Q3 Medicine Pub Date : 2022-03-01
Zahra Soheilirad, Pegah Karimian, Motahare Aghajani Delvar

This review aimed to identify the features of coronavirus disease 2019 (COVID-19) in pediatric patients after severe acute respiratory syndrome coronavirus 2 (SARS-CoV-2) infection. According to the literature, the incidence of COVID-19 was reported to be 1-5% among children. However, the incidence of infection with the new variant of the virus is higher in children. The most common features were fever and respiratory manifestation. The milder severity and lower mortality of COVID-19 among children are related to their less contact, immature immune system, and different features of angiotensin-converting enzyme 2 (ACE2), an important receptor of the virus to invade the host cells. Several complications were observed in severe pediatric patients, such as coinfections, encephalitis, multisystem inflammatory syndrome, and multiorgan failure. The most frequent laboratory data were the procalcitonin elevation. The enhanced inflammatory factors and lymphocytopenia were less common among this population. In the CT findings, the ground-glass opacities, pulmonary consolidation, fine mesh shadow, and tiny nodules were most common. While some children were admitted to the ICU, mechanical ventilation was rarely reported. The vertical intrauterine transmission from mother to child has not been proven. The treatment mainly focuses on maintaining balance in the fluids and electrolytes, nutritional support, and oxygen therapy for this vulnerable population.

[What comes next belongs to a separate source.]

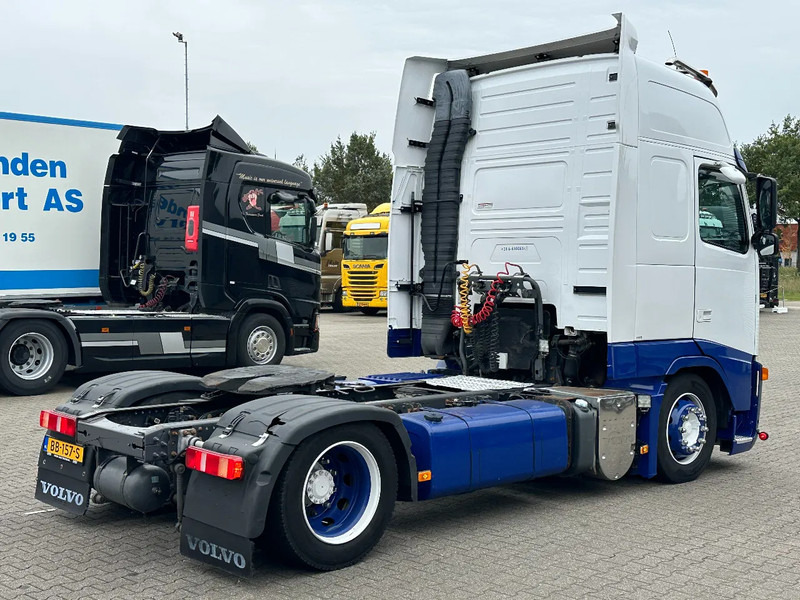 Volvo FH 400 Globe XL Mega / Full Air / 2 Tank / Euro 5 - Cap tractor: Foto 3 Volvo FH 400 Globe XL Mega / Full Air / 2 Tank / Euro 5 - Cap tractor: Foto 3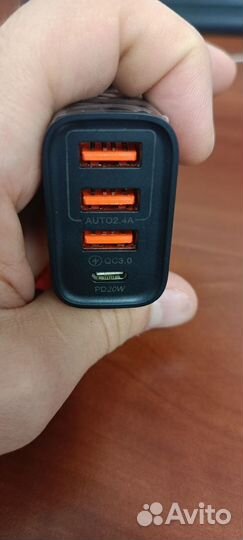 Быстрое зарядное устройство USB Type C с 4 портами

本综述旨在了解小儿严重急性呼吸综合征冠状病毒2型(SARS-CoV-2)感染后的冠状病毒病2019 (COVID-19)特征。据文献报道,新冠肺炎在儿童中的发病率为1-5%。然而,儿童感染新变种病毒的发生率较高。最常见的症状是发烧和呼吸症状。儿童感染COVID-19的严重程度较轻,死亡率较低,这与儿童接触较少、免疫系统不成熟以及血管紧张素转换酶2 (ACE2)的不同特征有关,ACE2是病毒入侵宿主细胞的重要受体。重症患儿出现合并感染、脑炎、多系统炎症综合征、多器官功能衰竭等并发症。最常见的实验室数据是降钙素原升高。炎症因子增强和淋巴细胞减少症在该人群中较少见。CT表现以磨玻璃影、肺实变、细网影、小结节多见。虽然有些儿童入住ICU,但很少有机械通气的报道。从母亲到孩子的垂直宫内传播尚未得到证实。治疗的重点是维持体液和电解质的平衡、营养支持和对这一脆弱人群的氧气治疗。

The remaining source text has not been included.